Without including any images, please transcribe all the lines below exactly.

### Data shown

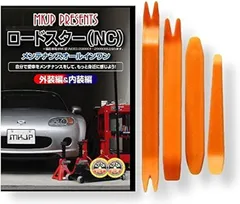 2025年最新】ロードスター スカッフプレートの人気アイテム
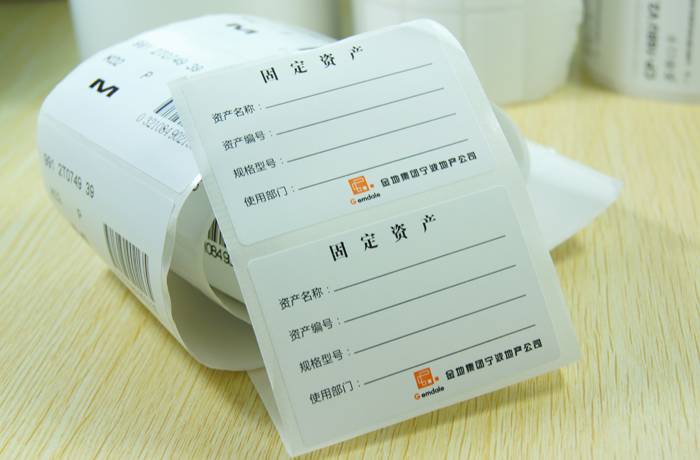 固定资产投资长期股权投资如何账务处理？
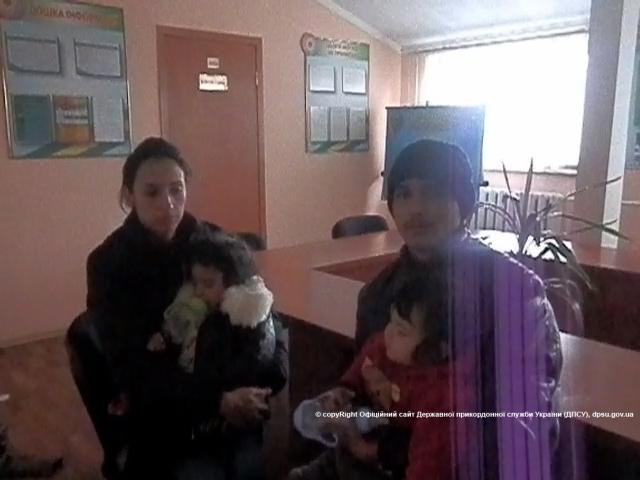 Закарпатские пограничники задержали молодые супруги афганцев с детьми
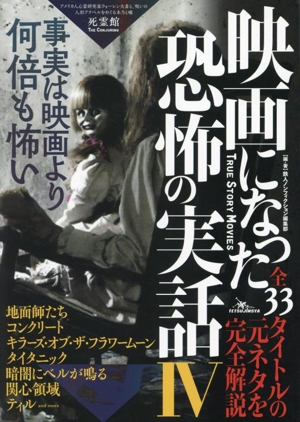 映画になった恐怖の実話(Ⅳ) 事実は映画より何倍も怖い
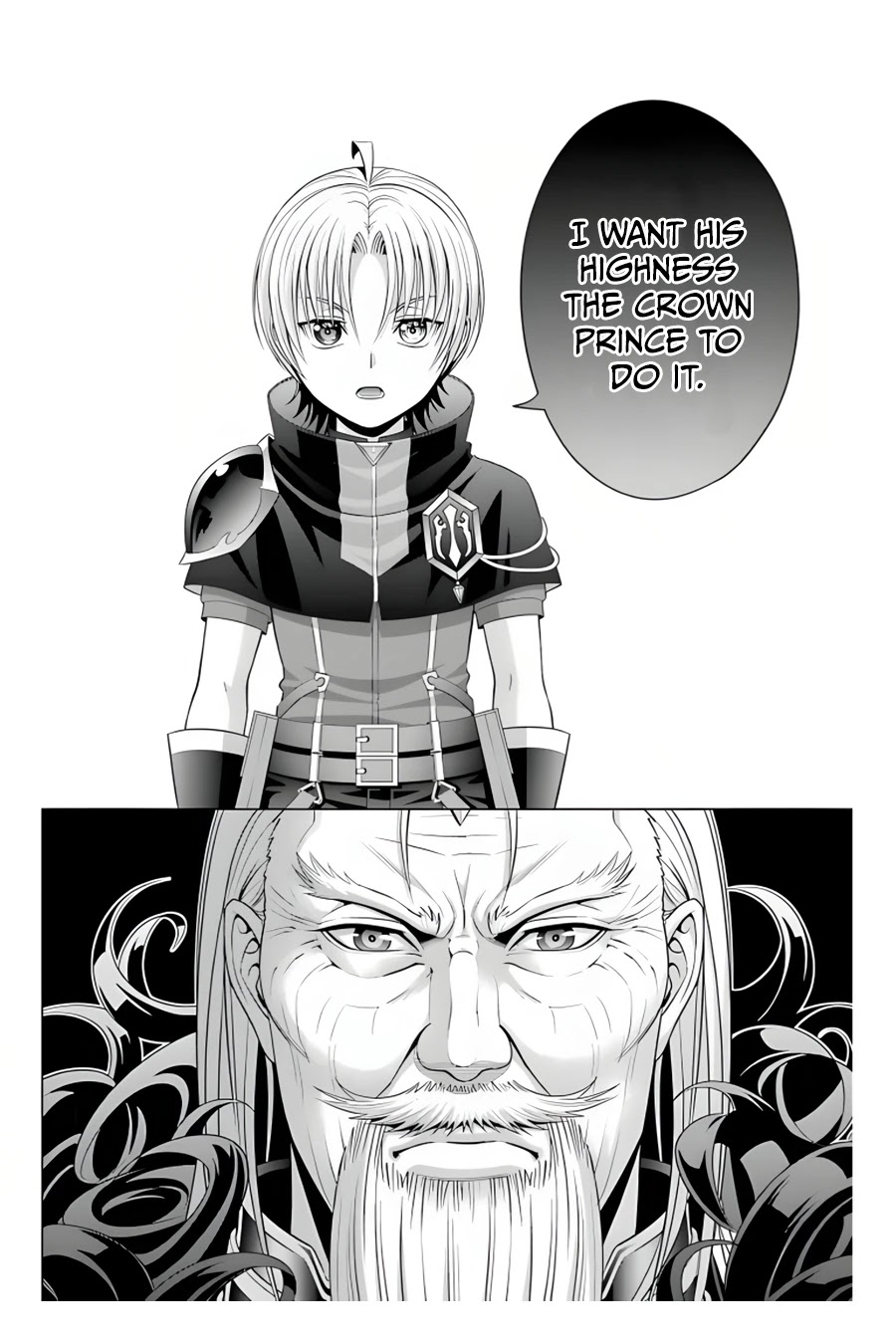 Noble Reincarnation ~Blessed With the Strongest Power From Birth~ Chapter 12 page 17 - Chapter 12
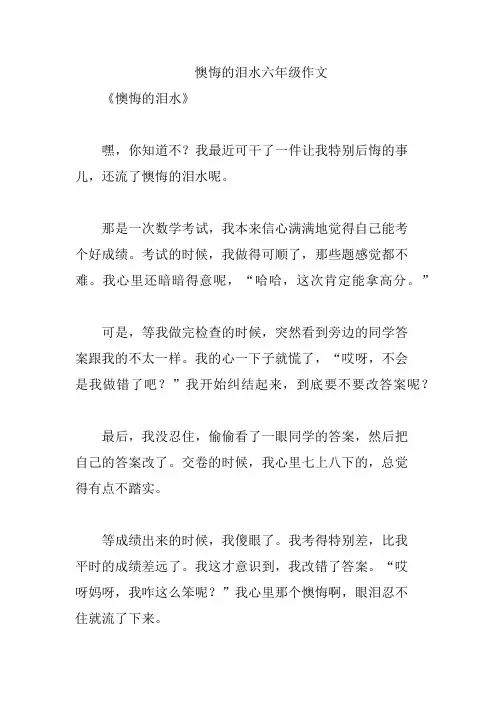 懊悔的泪水六年级作文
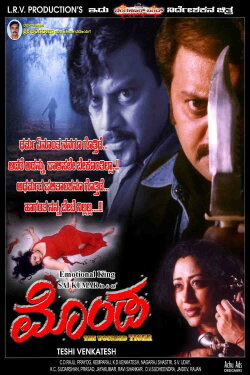 Monda (2004) Monda (2004)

######

• Task response:
 2025年最新】ロードスター スカッフプレートの人気アイテム
 固定资产投资长期股权投资如何账务处理？
 Закарпатские пограничники задержали молодые супруги афганцев с детьми
 映画になった恐怖の実話(Ⅳ) 事実は映画より何倍も怖い
 Noble Reincarnation ~Blessed With the Strongest Power From Birth~ Chapter 12 page 17 - Chapter 12
 懊悔的泪水六年级作文
 Monda (2004) Monda (2004)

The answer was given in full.